Di questa evoluzione della profonda crisi tra Russia e Ucraina (che – non va dimenticato – dopo l’annessione russa della Crimea sono in guerra nelle due regioni orientali confinanti) sono affiorati impensabili retroscena nei dibattiti televisivi di commento al referendum olandese. Si è parlato così di un cospicuo impegno finanziario russo, di circa 30 milioni di dollari, gestito dall’apparato propagandistico dei servizi segreti (efficiente come all’epoca del KGB sovietico) nella campagna referendaria nei Paesi Bassi, volto a screditare il più possibile la povera, e corrotta, realtà ucraina. Fra le testimonianze, un film realizzato da un regista europeo sulla miseria vissuta oggi dalla popolazione ucraina e, d’altra parte, sull’attesa della maggioranza degli abitanti delle regioni separatiste di far parte della Federazione russa; e dall’esperienza di un olandese di ritorno dall’ Ucraina che avrebbe facilmente fatto transitare il suo camion carico di noci corrompendo i doganieri con alcune migliaia di euro.
Di converso l’Ucraina ha tentato di presentare il suo “sogno” europeo, anche se non approfondendo i legami storici e culturali con l’Europa attraverso i secoli, avvalendosi di gruppi di volonterosi, giunti in Olanda appunto come volontari. Al centro delle critiche il ministro degli Esteri per aver lasciato senza ambasciatori le rappresentanze diplomatiche in otto paesi europei e per non aver rimosso l’ambasciatore in Olanda, imposto all’epoca di Yanukovich, il deposto presidente filo-russo. Ministro designato da Poroshenko, nonostante, si afferma in un’accesa polemica, fosse stato al corrente dell’alta onorificenza concessa dal Cremlino al suocero, ex generale, per aver favorito l’annessione della Crimea ucraina.
In Italia, come in molti altri paesi europei, la situazione dell’Ucraina è poco o per nulla nota, si sente lontana.
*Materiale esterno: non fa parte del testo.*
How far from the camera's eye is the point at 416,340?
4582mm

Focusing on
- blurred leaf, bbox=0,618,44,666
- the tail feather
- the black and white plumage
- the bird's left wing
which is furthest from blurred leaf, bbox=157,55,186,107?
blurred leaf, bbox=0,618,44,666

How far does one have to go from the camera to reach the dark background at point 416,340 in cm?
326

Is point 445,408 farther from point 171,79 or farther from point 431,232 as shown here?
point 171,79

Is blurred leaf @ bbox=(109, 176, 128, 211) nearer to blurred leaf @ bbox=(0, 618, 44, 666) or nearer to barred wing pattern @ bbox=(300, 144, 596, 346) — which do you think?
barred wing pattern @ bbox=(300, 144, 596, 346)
Se ne è reso conto papa Francesco che domenica scorsa, seconda di Pasqua, al Regina Coeli, ha volto il pensiero “al dramma di chi patisce le conseguenze della violenza: di quanti rimangono nelle terre sconvolte dalle ostilità che hanno causato già varie migliaia di morti, e di quanti – più di un milione – sono stati spinti a lasciarle dalla grave situazione che perdura. Ad essere coinvolti, ha ricordato, sono soprattutto anziani e bambini. Oltre ad accompagnarli con il mio costante pensiero e con la mia preghiera, ho sentito di decidere di promuovere un sostegno umanitario in loro favore”. E a tale scopo, ha annunciato "una speciale colletta" in tutte le chiese cattoliche d’Europa domenica 24 aprile, invitando “i fedeli ad unirsi all’ iniziativa con un generoso contributo. Questo gesto di carità, oltre ad alleviare le sofferenze materiali, vuole esprimere la vicinanza e la solidarietà mia personale e dell’intera Chiesa. Auspico vivamente che esso possa aiutare a promuovere senza ulteriori indugi la pace e il rispetto del diritto in quella terra tanto provata”.